*** The records ***

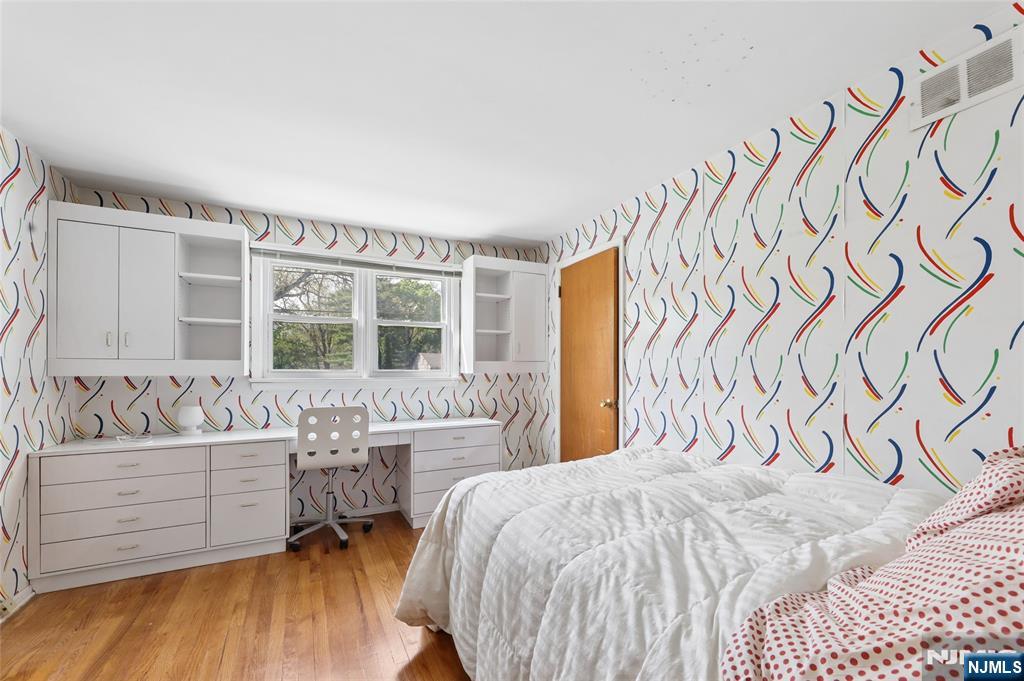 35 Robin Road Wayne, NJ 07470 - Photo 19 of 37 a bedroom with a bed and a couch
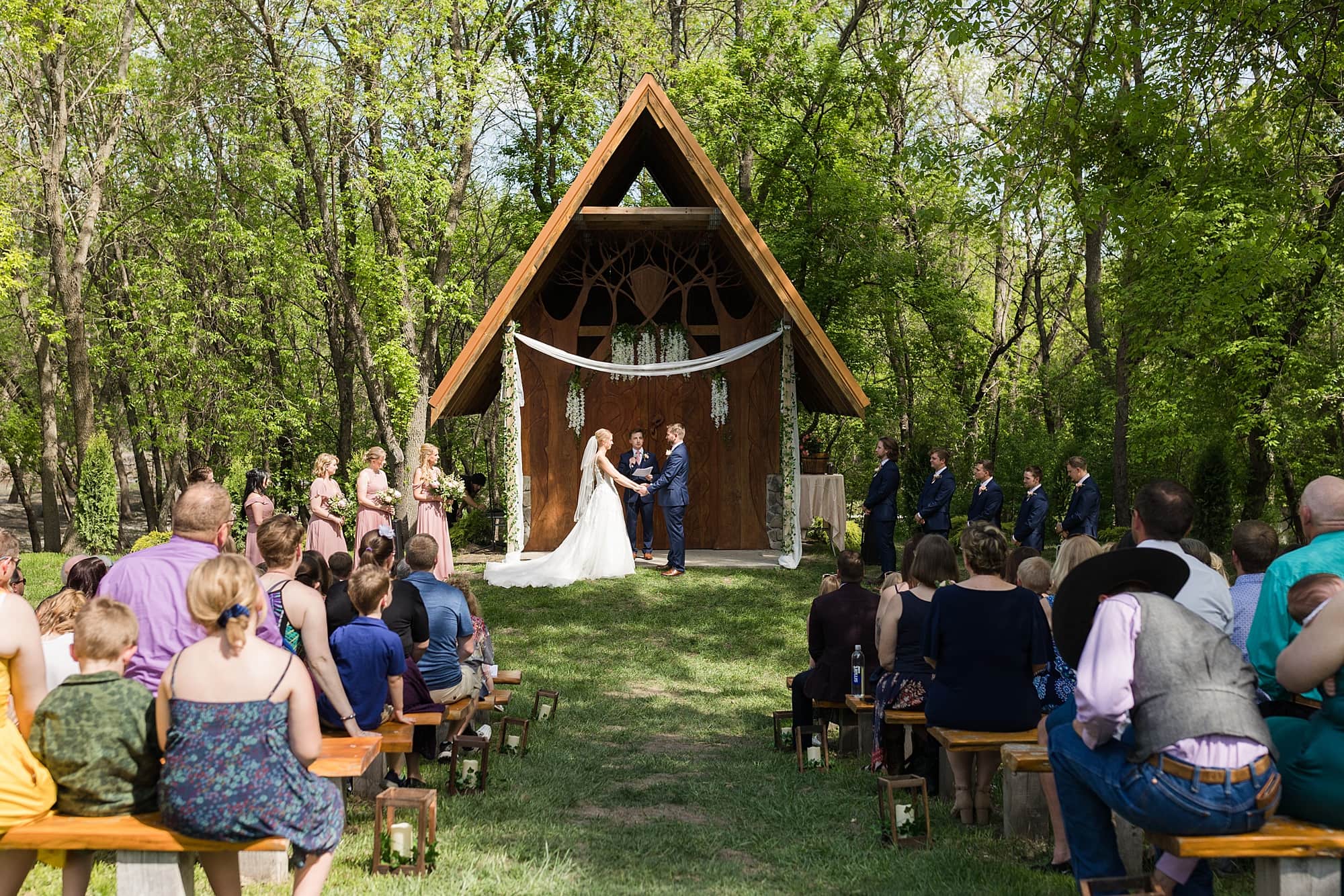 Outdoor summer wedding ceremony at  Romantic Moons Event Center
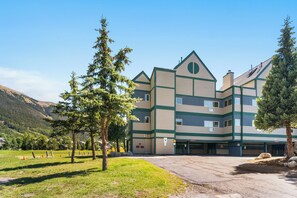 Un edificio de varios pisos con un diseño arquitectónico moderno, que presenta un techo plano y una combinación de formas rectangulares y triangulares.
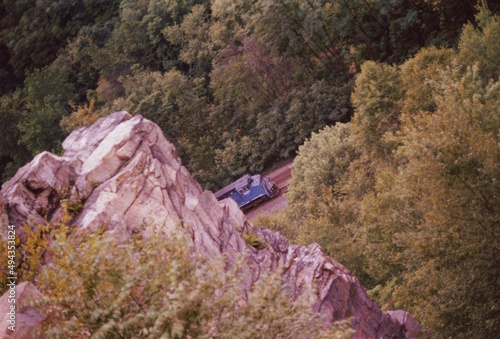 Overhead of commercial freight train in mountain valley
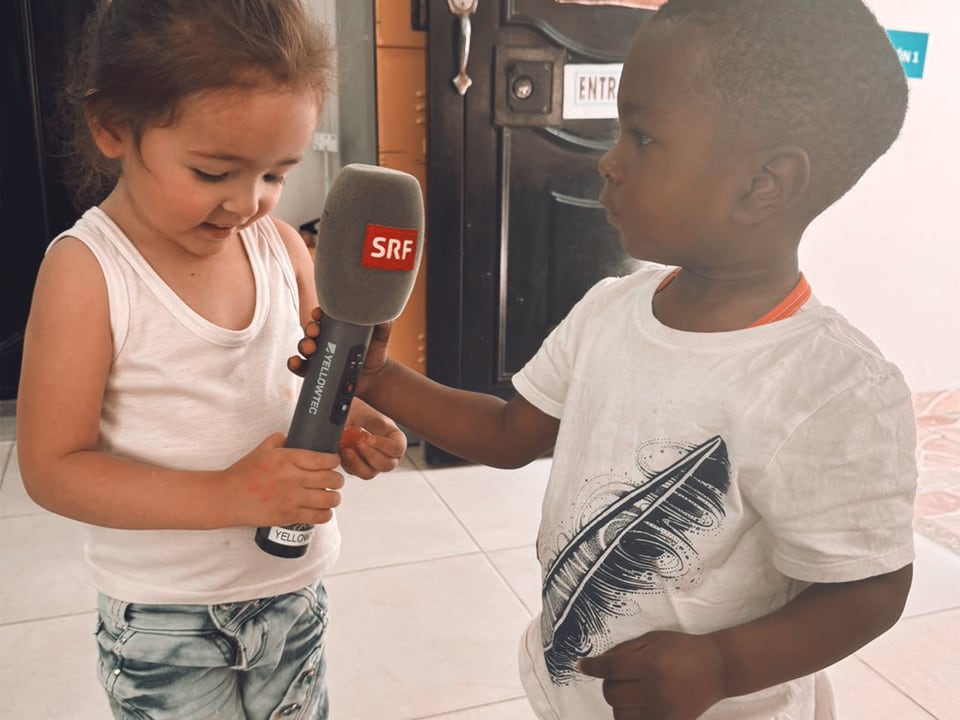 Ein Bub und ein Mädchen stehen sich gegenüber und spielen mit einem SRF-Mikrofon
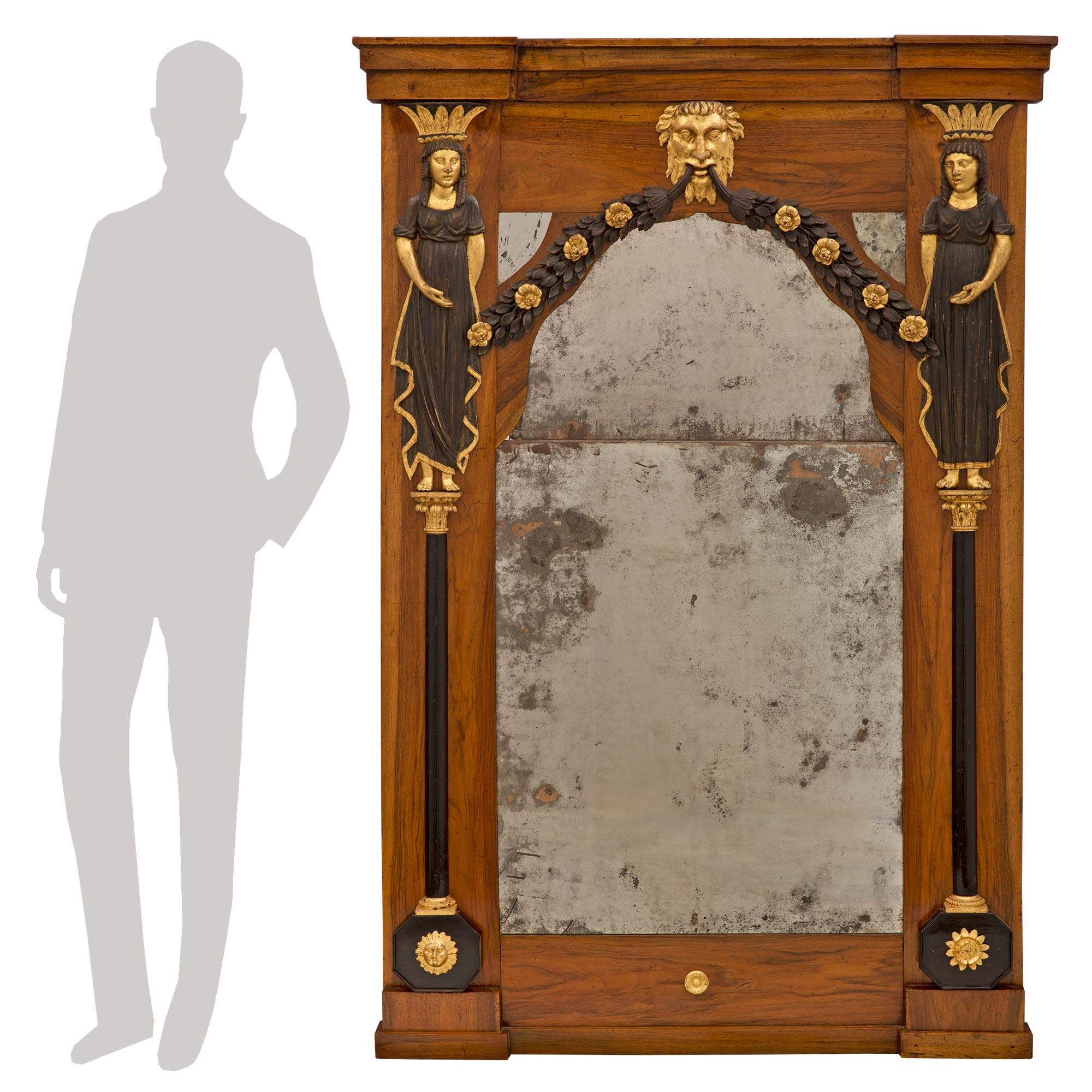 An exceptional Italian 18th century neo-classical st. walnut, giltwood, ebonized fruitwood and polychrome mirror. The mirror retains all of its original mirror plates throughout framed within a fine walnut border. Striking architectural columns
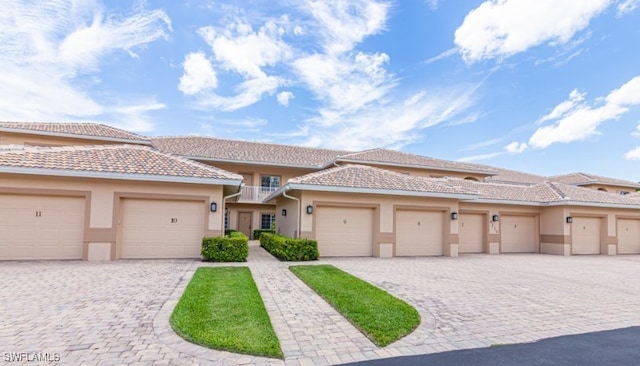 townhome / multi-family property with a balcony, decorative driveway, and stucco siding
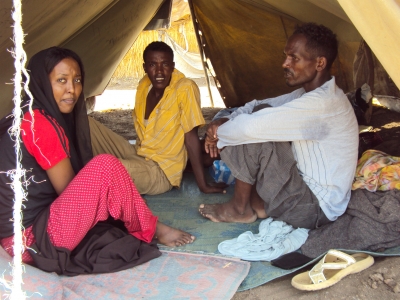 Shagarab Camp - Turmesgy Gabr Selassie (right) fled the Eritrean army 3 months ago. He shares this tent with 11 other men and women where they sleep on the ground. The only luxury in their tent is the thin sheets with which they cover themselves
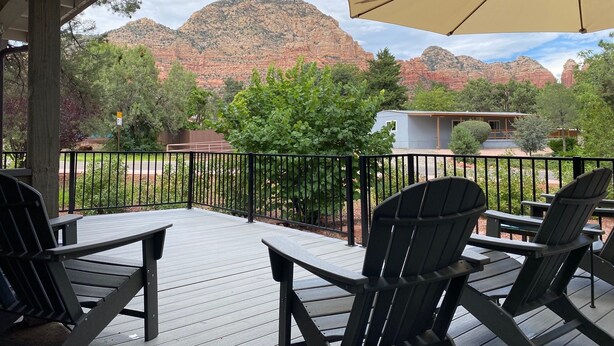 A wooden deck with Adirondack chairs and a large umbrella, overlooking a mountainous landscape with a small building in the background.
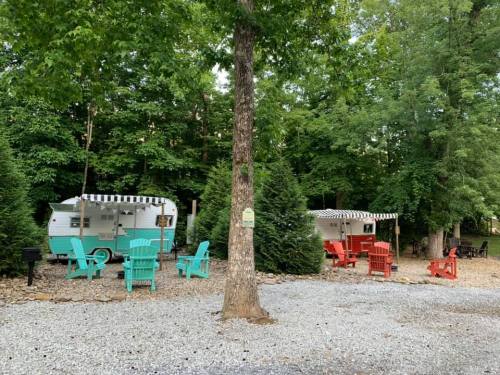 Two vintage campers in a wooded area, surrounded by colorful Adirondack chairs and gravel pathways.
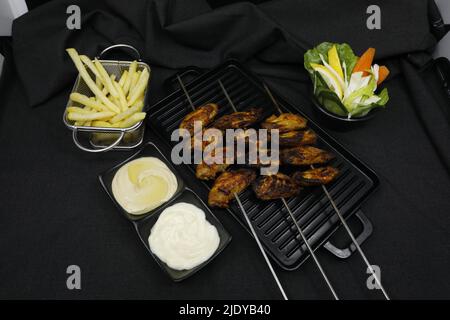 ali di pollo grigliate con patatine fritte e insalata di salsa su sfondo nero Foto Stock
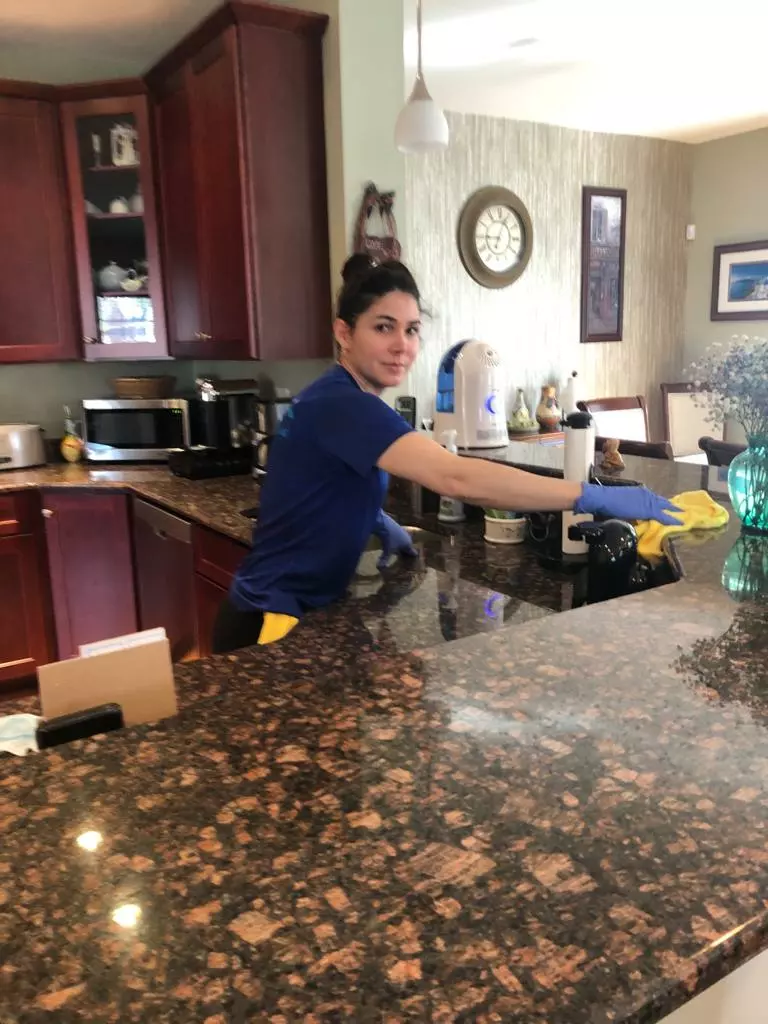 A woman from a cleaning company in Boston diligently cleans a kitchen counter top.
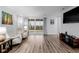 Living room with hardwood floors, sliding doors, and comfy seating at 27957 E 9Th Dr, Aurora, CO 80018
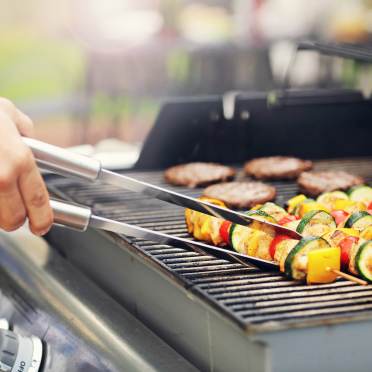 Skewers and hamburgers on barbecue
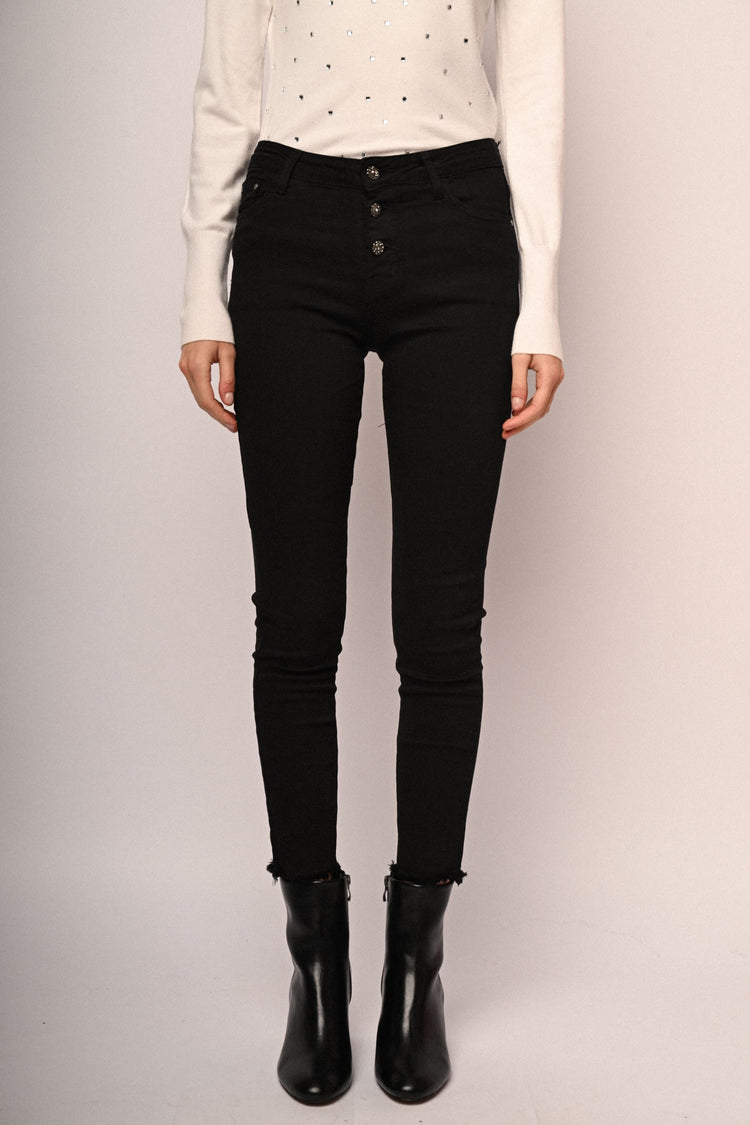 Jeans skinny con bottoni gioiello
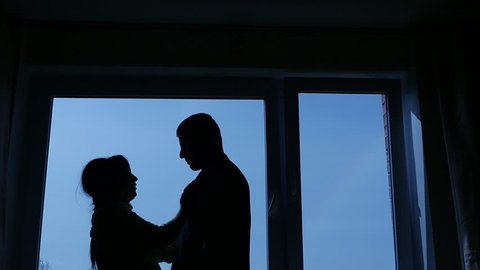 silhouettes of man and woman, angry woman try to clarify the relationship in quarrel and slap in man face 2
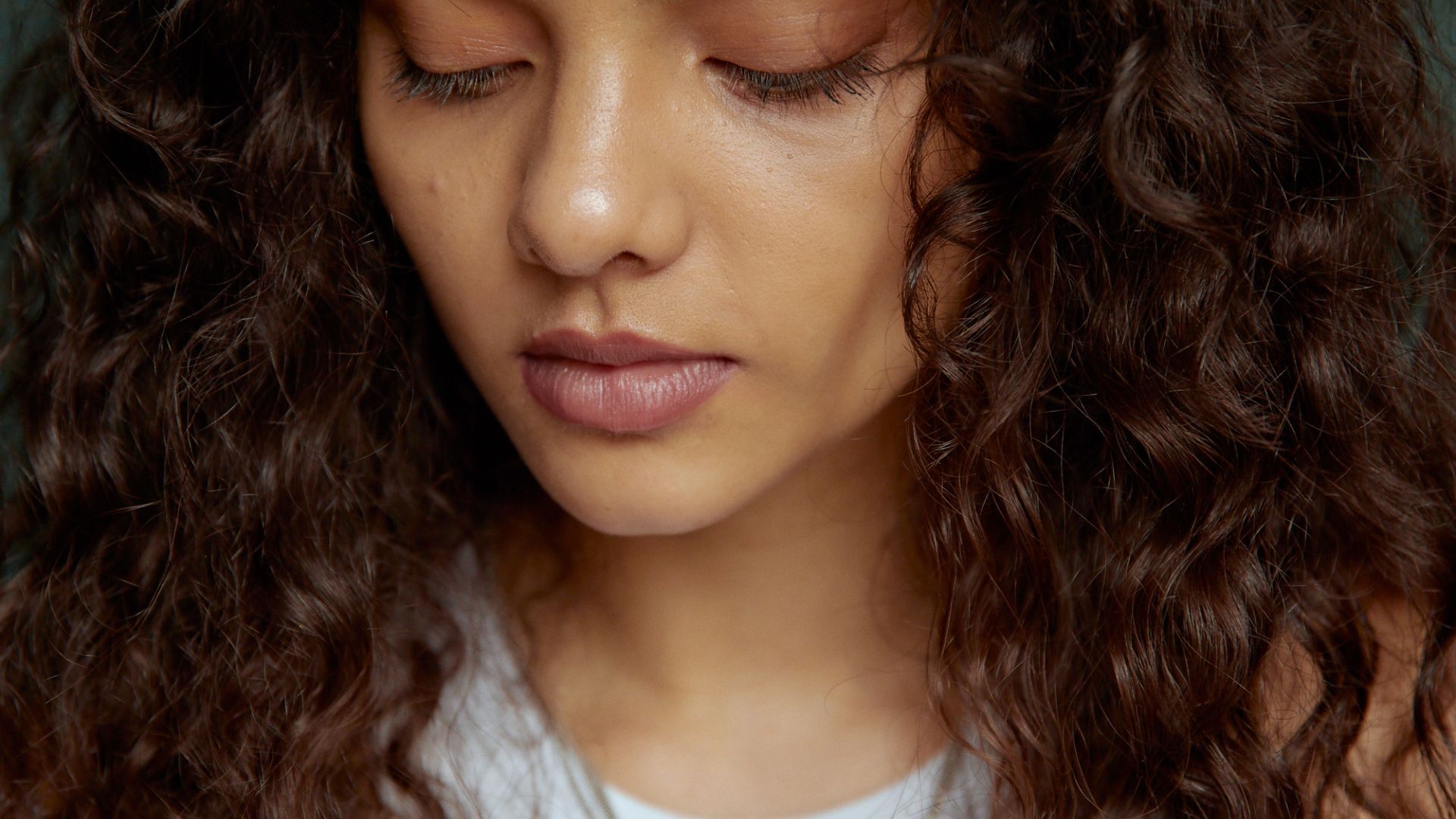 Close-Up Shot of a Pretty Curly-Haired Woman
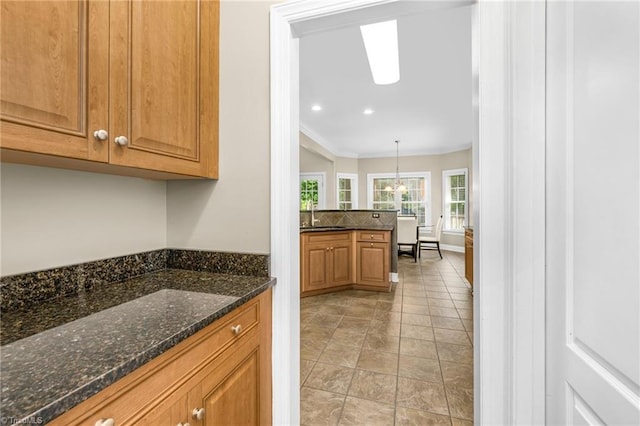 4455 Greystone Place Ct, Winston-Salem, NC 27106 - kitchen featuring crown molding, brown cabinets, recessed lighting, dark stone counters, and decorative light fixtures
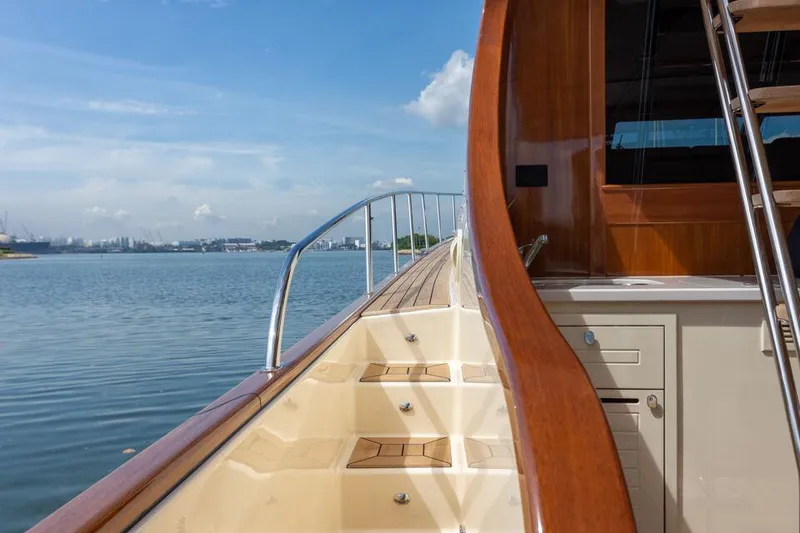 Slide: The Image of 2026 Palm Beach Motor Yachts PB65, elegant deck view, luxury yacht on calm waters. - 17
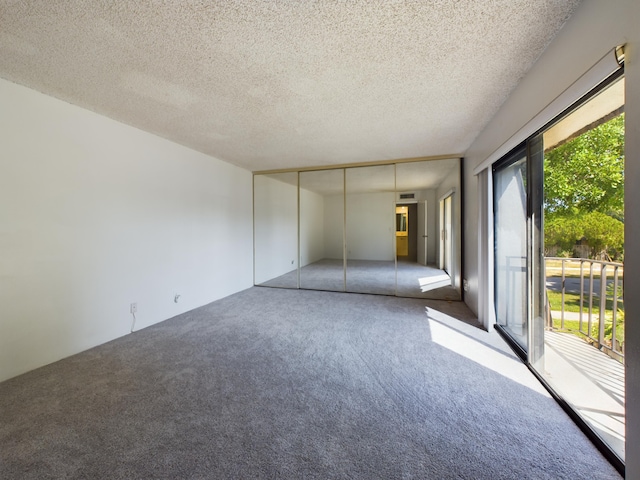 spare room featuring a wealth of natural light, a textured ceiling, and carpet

*** End of The records ***

> **What you need to do**
Copy the records above from the first line through the line containing "Un edificio de", both included, and leave out any pictures.

> **Response below**
 35 Robin Road Wayne, NJ 07470 - Photo 19 of 37 a bedroom with a bed and a couch
 Outdoor summer wedding ceremony at  Romantic Moons Event Center
 Un edificio de varios pisos con un diseño arquitectónico moderno, que presenta un techo plano y una combinación de formas rectangulares y triangulares.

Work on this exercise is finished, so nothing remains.